Introduction: Handheld EEG Focus Monitor

College life demands focus for classes, assignments and projects. Many students find it hard to focus during these times which is why monitoring and understanding your ability to focus is so important. We created a biosensor device that measures your brainwaves to gauge your level of focus and displays the data for you to see. The acronym "EEG" stands for electroencephalograph, which means that it is a machine used to record electrical activity in the brain.

This biosensor requires an EEG signal input and your finger to press on the screen to produce a frequency graph and extractable data (optional) that can be copied to Excel.

Disclaimer: This biosensor is NOT a medical device.

Supplies

Total cost: $142 (depending on price fluctuations)

Step 1: Prerequisites

  • Some basic knowledge on how brainwaves are read would be helpful to understand the graph, but not necessary.
    • This is a good resource for some basic background information.

  • You would also need access to GitHub website to obtain our code.

  • You would need to download the Arduino application.

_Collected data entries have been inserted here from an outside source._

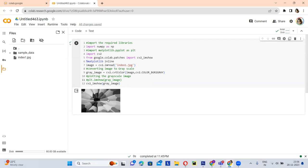So, this is our output. Thank you everyone.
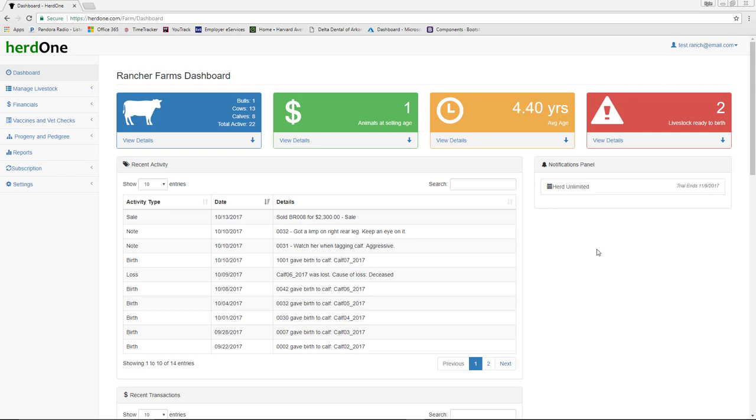Once you get logged in, the dashboard will be displayed. This screen displays a collection of widgets and grids that each convey helpful information related to your herd. We will discuss this in more depth later.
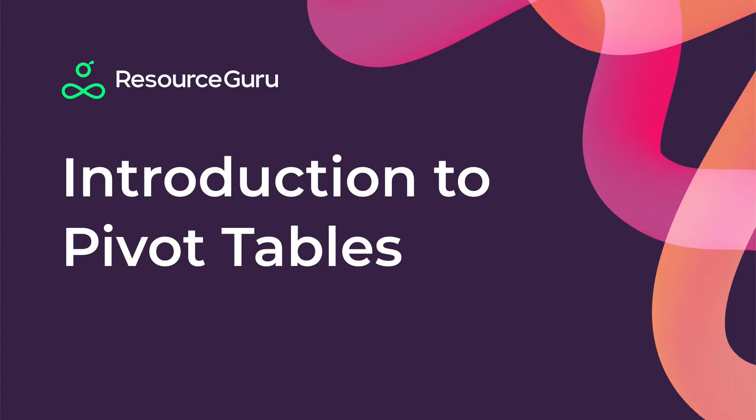Hello! In this video, we'll take a look at the features available in the Excel report downloads and Resource Guru, including some handy tips on how to use pivot tables.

Step 2: Safety Precautions

  • Make sure the circuit is not powered (battery pack is off, USB not plugged in) when modifying the circuit.
  • Make sure there are no fluids nearby that might spill onto the circuit.
  • WARNING:This is NOT a medical device and does not have the same accuracy. Use a proper EEG if you need to do a study on brainwaves.
  • Keep your hands dry when working with the circuit or biosensor.

Step 3: Hints and Tips

TroubleShooting

  • Make sure your wires are connected to the right pins. If not, an unintelligible reading would appear.
  • When you plug in your screen, make sure that you did not fit everything one pin lower (if you notice that any of the screen pins are not connected, this is why)
  • Make sure that you plugged the BITalino in properly (based on the logo and EEG sign as seen in the instructions)
  • Make sure if the screen gets plugged in properly to a point that the metal of the pins are not visible anymore.
  • If the code fails to compile and they cannot find a certain library, make sure that you have installed all the mentioned libraries.

Insights

  • Remember to account for the space you need to strip the wire before you cut it to length.
  • Before applying the electrodes to your forehead, Make sure to wash and dry it first or use an alcohol swab to reduce impedance.
  • Using an Arduino Mega would provide extra Analog and Digital pins, which would mean that you would not need to "share" pins between the wires and the screen like we are doing in this model.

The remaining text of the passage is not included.